KUALA LUMPUR: A prominent US-based Turkish scholar has weighed in on a raging debate in Malaysia over the move to consider ratifying a United Nations convention that will commit the government to ending all forms of racial discrimination and guarantee equal rights to all races.
Mustafa Akyol, an award-winning author on contemporary Muslim issues, said Muslim groups who oppose the International Convention on the Elimination of All Forms of Racial Discrimination, or ICERD, should study the policies of past Islamic powers including the Ottoman caliphate with regards to equality.
“I would recommend that all those in Malaysia who oppose the ICERD on Islamic grounds read the Ottoman Constitution of 1876. It reads:
“‘All subjects of the empire are called Ottomans, without distinction whatever faith they profess… [And] All Ottomans are equal in the eyes of the law. They have the same rights, and owe the same duties towards their country, without prejudice to religion.’

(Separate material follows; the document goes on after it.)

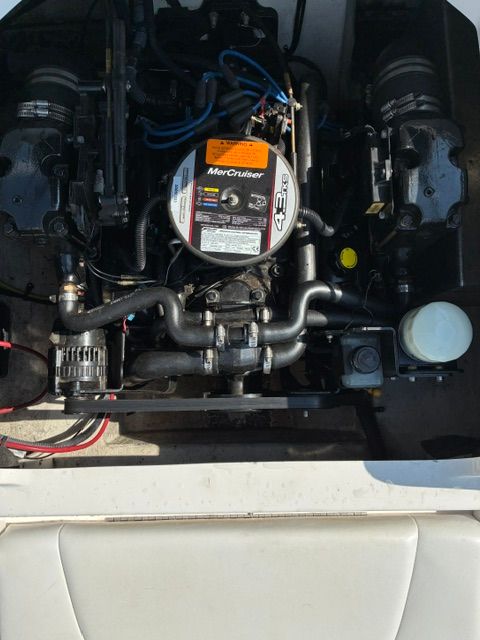 Engine compartment of a 2012 Chaparral 19 H2O Sport with a MerCruiser engine.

“This was the ICERD that the Ottoman Empire, the very seat of the caliphate, accepted 150 years ago. Why should Malaysia stay behind?” Akyol told FMT, when asked to comment on protests from Umno, PAS and several Muslim groups over Malaysia joining the international treaty.

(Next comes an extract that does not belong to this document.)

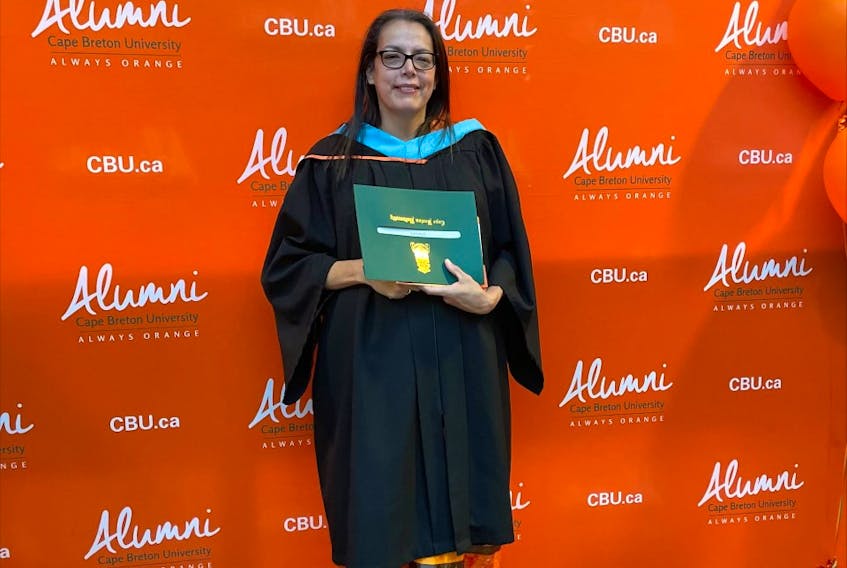 Mary Lou Gould poses for photos on her graduation day at Cape Breton University earlier this month. Gould, 50, earned a bachelor of education degree after what she calls "a long and winding journey." CONTRIBUTED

Malaysia is among a handful of countries that have neither signed nor ratified the treaty.
The treaty provides individuals worldwide with a mechanism for complaints over issues of racial discrimination, among others, and is enforceable against member states.
Specifically, it obliges parties to eliminate racial discrimination in all forms including in public institutions as well as in government policies, the issue at the heart of the opposition from Malay groups.
They say ratifying ICERD will undermine the special position of the Malays, including provisions to allow quotas in public institutions, as spelt out in Article 153 of the Federal Constitution.
They are also opposed to the ICERD’s timeline on member countries to end affirmative action programmes, which they say would be a death knell for Malaysia’s decades-old Bumiputera policy.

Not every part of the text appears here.